- Alder Springs Location in California Alder Springs Alder Springs (the United States)
- Coordinates: 39°39′04″N 122°43′32″W﻿ / ﻿39.65111°N 122.72556°W
- Country: United States
- State: California
- County: Glenn
- Elevation: 4,455 ft (1,358 m)

= Alder Springs, Glenn County, California =

Unincorporated community in California, United States

Alder Springs (formerly, Oriental) is a set of springs and an unincorporated community in Glenn County, California, United States.
It is located 10.5 mi west-northwest of Elk Creek, at an elevation of 4455 feet (1358 m).

The Oriental post office opened in 1888, changed its name to Alder Springs in 1917, and closed permanently in 1940.

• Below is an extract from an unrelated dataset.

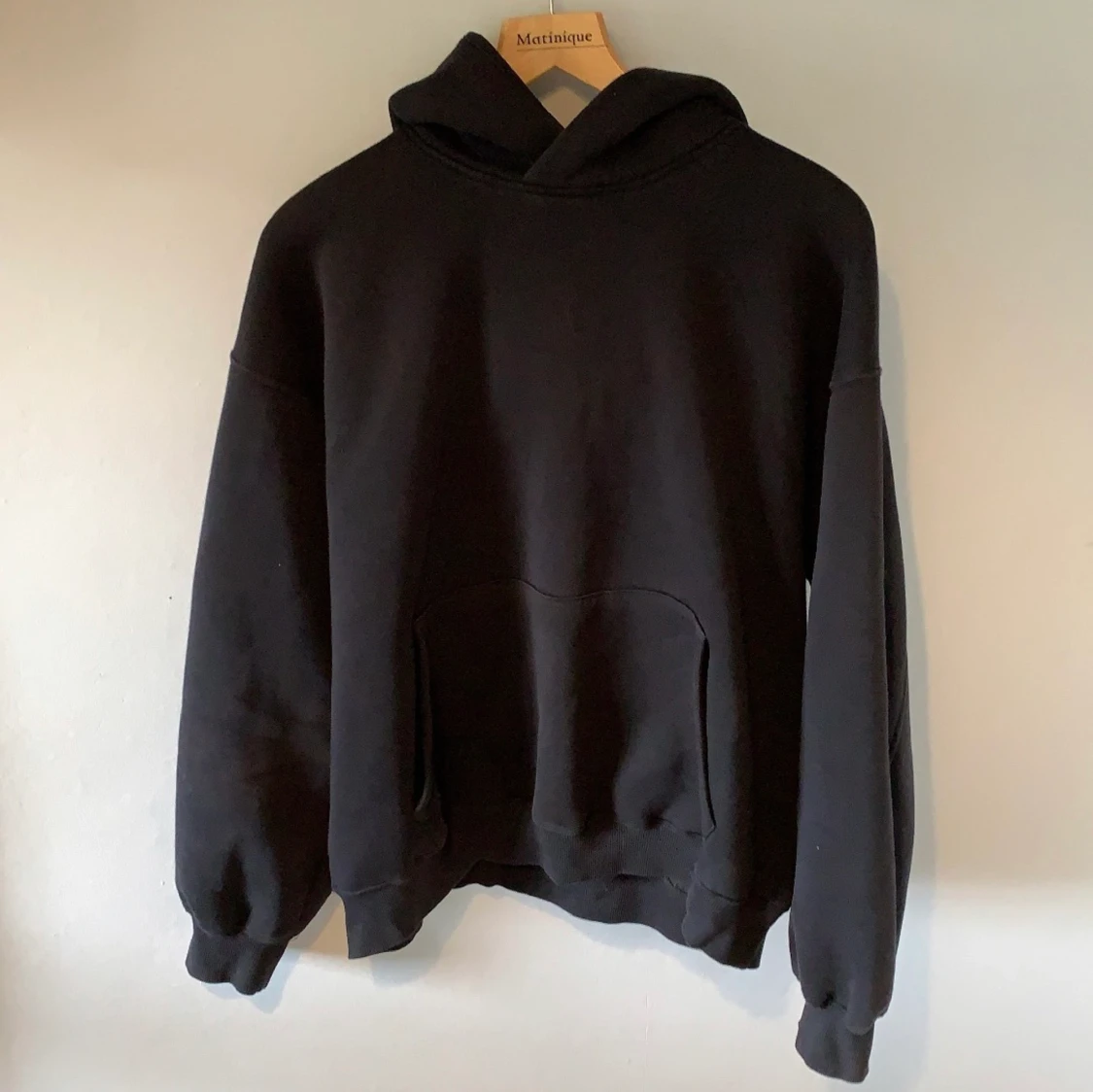 Svart hoddie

Alder Springs is the location of the California Department of Corrections and Rehabilitation Valley View Conservation Camp. This fire camp of approximately 115 inmates operates under a joint agreement of the California Department of Correction and Rehabilitation and the California Department of Forestry and Fire Protection.

The Berkeley Seismology Laboratory of the University of California, Berkeley has a strong motion sensor for detecting seismic activity here, in addition to a short period sensor operated by the California Department of Water Resources. There is also a nearby National Oceanic and Atmospheric Administration weather station.